Say we have an app that has real-time constraints of making a decision within 500ms of something occurring. Say we have a massive stream of data that is being imported into HDFS, and because the data is so big it takes, say, 3 seconds to even get the data on to HDFS. Then say that the MR job that is responsible for making the decision takes 200ms.
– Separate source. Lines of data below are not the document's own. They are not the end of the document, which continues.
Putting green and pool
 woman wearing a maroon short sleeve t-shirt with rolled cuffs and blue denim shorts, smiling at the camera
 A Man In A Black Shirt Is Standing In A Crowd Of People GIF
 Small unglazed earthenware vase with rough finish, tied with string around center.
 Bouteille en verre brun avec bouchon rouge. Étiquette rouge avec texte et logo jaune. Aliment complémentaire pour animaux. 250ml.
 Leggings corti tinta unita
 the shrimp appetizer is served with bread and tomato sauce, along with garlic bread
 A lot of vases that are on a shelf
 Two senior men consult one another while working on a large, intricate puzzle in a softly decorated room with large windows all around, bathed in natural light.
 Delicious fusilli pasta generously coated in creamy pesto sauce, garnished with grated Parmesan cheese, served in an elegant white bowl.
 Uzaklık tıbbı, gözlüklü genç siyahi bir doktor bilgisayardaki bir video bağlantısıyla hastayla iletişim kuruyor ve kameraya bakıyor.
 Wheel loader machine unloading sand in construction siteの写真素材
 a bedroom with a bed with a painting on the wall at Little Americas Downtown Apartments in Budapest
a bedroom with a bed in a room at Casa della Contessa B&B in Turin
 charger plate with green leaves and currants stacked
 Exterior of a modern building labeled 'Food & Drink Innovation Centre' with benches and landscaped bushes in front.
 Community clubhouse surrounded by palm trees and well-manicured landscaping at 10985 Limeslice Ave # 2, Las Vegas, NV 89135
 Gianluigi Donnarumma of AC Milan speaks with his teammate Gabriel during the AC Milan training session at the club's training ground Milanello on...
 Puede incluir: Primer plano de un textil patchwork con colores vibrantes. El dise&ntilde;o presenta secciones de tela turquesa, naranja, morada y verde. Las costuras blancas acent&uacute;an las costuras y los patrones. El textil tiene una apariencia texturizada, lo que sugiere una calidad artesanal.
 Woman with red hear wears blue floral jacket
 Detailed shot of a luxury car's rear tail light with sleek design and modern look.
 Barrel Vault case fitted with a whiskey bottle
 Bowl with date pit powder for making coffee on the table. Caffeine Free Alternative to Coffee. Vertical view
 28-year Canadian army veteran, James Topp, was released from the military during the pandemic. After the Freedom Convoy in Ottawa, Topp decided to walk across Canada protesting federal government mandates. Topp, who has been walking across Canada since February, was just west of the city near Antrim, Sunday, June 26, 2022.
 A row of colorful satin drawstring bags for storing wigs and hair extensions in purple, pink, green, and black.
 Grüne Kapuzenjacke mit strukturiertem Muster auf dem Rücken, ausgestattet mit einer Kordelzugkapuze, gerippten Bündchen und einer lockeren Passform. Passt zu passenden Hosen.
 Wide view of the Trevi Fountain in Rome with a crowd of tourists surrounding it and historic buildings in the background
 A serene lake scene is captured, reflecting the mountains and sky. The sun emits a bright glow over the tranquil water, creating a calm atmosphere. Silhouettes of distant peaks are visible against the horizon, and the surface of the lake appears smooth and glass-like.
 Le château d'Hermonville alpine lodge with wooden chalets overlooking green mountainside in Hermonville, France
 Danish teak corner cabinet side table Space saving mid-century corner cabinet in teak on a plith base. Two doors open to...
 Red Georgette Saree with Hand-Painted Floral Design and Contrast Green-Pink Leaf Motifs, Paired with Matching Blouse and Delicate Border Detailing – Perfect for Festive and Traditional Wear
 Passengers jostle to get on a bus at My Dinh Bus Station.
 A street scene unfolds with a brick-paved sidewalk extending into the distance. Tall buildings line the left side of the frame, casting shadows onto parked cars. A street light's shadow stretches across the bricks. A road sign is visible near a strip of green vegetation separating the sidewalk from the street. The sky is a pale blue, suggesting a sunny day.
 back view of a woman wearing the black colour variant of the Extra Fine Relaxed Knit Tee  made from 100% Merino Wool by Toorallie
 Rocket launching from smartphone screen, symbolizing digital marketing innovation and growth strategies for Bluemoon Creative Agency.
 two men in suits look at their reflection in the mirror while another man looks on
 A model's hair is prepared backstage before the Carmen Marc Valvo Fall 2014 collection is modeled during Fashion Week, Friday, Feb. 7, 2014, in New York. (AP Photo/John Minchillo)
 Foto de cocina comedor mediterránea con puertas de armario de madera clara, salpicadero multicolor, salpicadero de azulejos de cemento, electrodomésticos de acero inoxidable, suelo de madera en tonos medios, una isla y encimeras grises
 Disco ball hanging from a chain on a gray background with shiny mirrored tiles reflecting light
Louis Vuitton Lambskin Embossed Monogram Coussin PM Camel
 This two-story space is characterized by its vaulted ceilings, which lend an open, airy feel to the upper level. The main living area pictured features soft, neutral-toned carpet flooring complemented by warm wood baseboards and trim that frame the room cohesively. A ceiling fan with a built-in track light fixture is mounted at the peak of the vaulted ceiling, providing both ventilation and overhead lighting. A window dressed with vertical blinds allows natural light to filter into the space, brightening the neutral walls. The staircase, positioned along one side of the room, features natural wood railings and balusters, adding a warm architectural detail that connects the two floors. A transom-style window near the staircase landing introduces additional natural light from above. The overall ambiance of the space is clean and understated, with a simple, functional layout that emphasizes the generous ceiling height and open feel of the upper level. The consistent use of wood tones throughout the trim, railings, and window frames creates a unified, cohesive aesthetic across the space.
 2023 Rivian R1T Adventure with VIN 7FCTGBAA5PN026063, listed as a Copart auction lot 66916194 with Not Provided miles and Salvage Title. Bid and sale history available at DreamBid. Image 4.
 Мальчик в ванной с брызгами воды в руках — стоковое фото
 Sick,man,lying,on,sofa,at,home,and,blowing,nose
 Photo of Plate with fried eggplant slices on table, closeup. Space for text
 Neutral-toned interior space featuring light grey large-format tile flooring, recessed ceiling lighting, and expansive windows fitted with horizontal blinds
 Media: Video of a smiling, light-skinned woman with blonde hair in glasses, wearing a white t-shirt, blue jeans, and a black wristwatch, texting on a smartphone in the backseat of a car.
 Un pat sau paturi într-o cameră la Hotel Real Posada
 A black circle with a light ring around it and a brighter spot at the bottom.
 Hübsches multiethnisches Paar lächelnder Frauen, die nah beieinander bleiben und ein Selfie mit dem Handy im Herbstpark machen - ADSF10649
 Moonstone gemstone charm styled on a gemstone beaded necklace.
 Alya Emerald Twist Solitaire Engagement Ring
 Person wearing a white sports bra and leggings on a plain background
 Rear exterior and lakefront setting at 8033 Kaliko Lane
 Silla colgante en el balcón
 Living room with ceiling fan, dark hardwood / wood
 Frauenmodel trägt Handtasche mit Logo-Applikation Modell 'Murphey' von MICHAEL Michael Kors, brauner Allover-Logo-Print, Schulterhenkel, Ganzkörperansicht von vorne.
Because the loading of the data takes so long, we've already blown our time constraint, even though the MR job processing the data would be able to finish inside the given window.
Is there a solution for this kind of big data problem?

With the help of tools Apache Spark streaming API & another one is Storm which you can use for real time stream processing.

Related

What is the right way to create/write a large file in java that are generated by a user?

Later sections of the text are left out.